Dataset entries:
*** Block opens ***

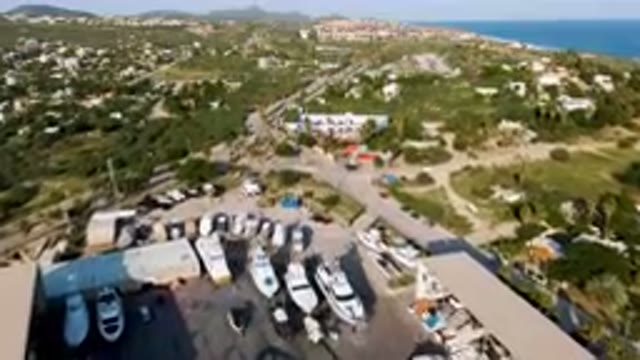 PUERTO LOS CABOS BCS MEXICO-2023: Boats Are Parked In A Lot Near A Beach And A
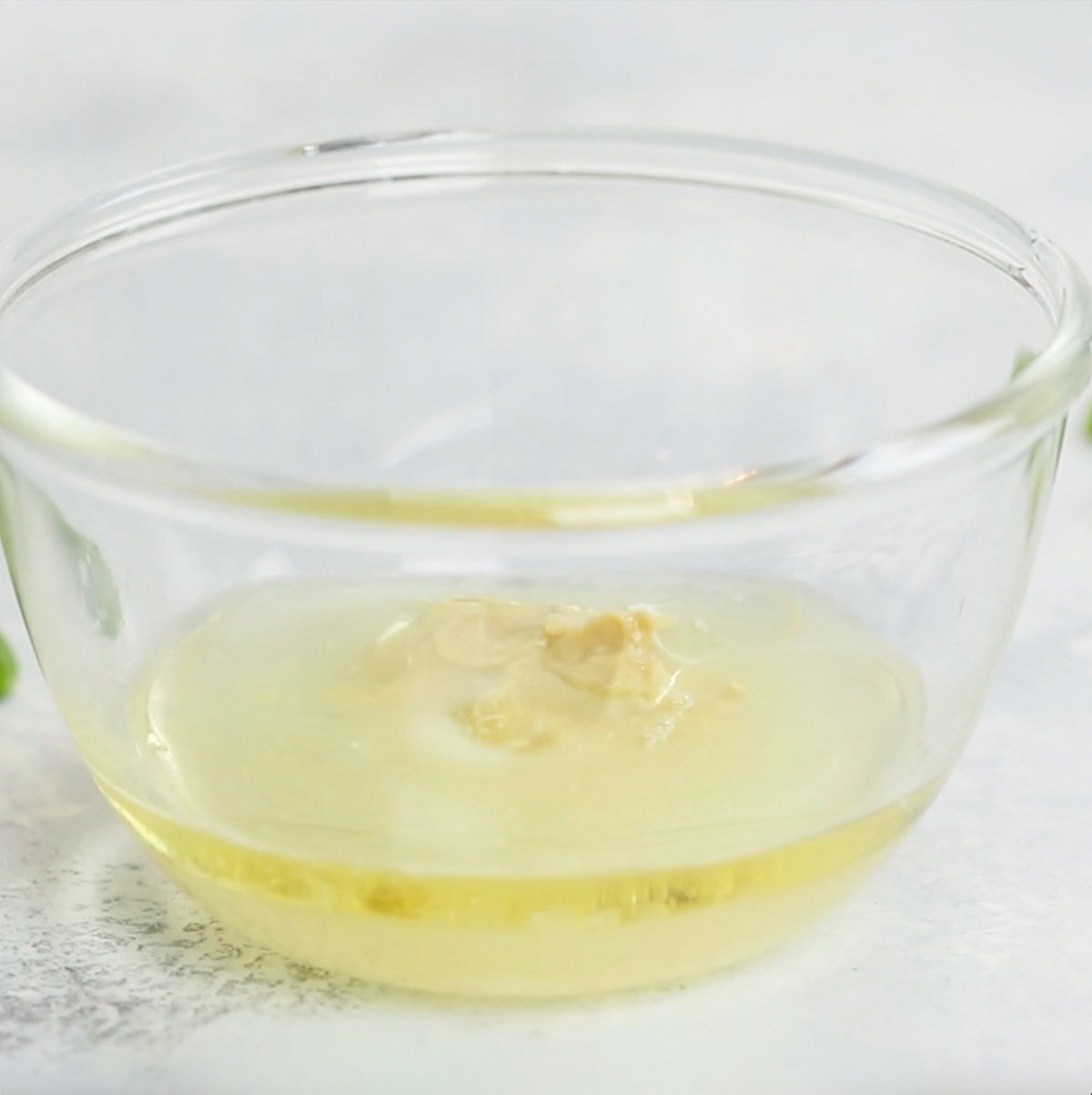 small glass bowl holding ingredients for lemon Dijon Dressing
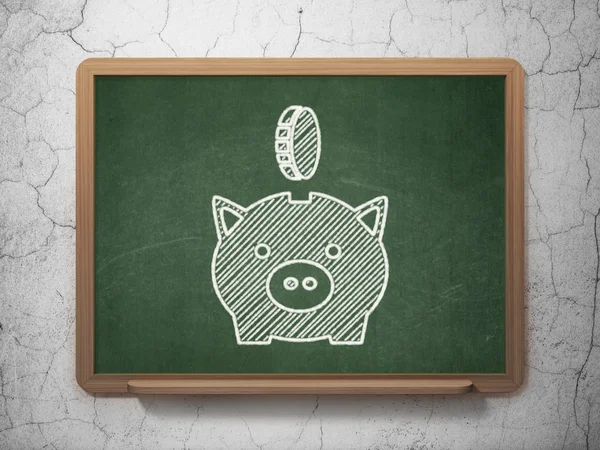 Money concept: Money Box With Coin on chalkboard background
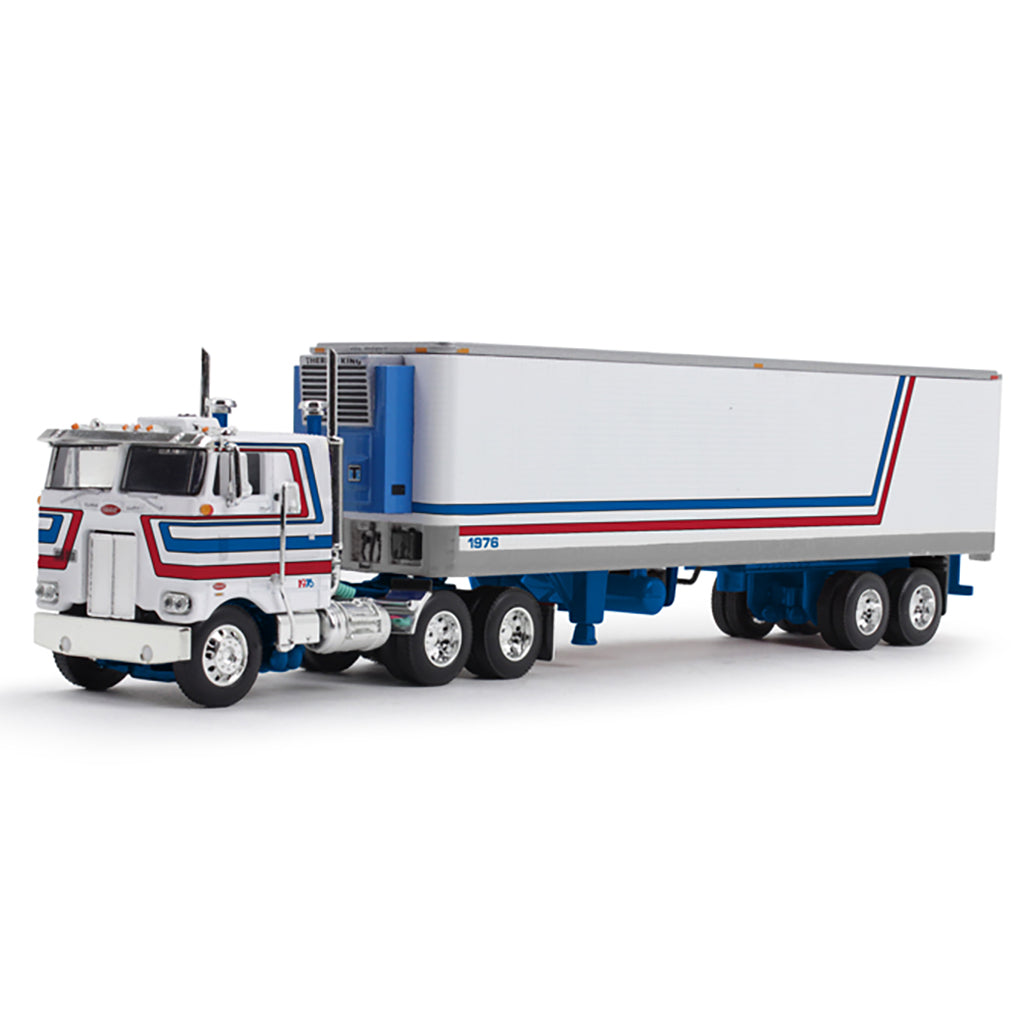 A die-cast model of a classic semi-truck with a white refrigerated trailer, featuring red and blue stripes, on a clean white background.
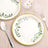 Elegant paper plates with green leafy design, perfect for parties or gatherings.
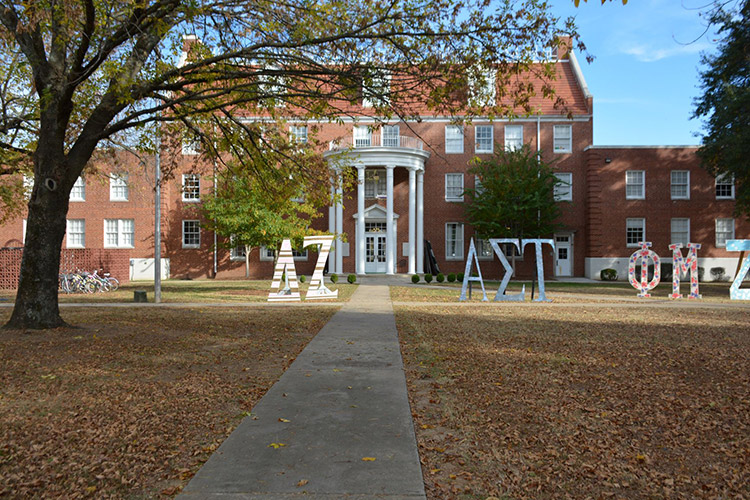 Multistory brick building with round covered porch with columns and Greek letters in front yard with trees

*** Block closes ***

Line by line, print the records exactly, leaving the pictures behind.

Task response:
 PUERTO LOS CABOS BCS MEXICO-2023: Boats Are Parked In A Lot Near A Beach And A
 small glass bowl holding ingredients for lemon Dijon Dressing
 Money concept: Money Box With Coin on chalkboard background
 A die-cast model of a classic semi-truck with a white refrigerated trailer, featuring red and blue stripes, on a clean white background.
 Elegant paper plates with green leafy design, perfect for parties or gatherings.
 Multistory brick building with round covered porch with columns and Greek letters in front yard with trees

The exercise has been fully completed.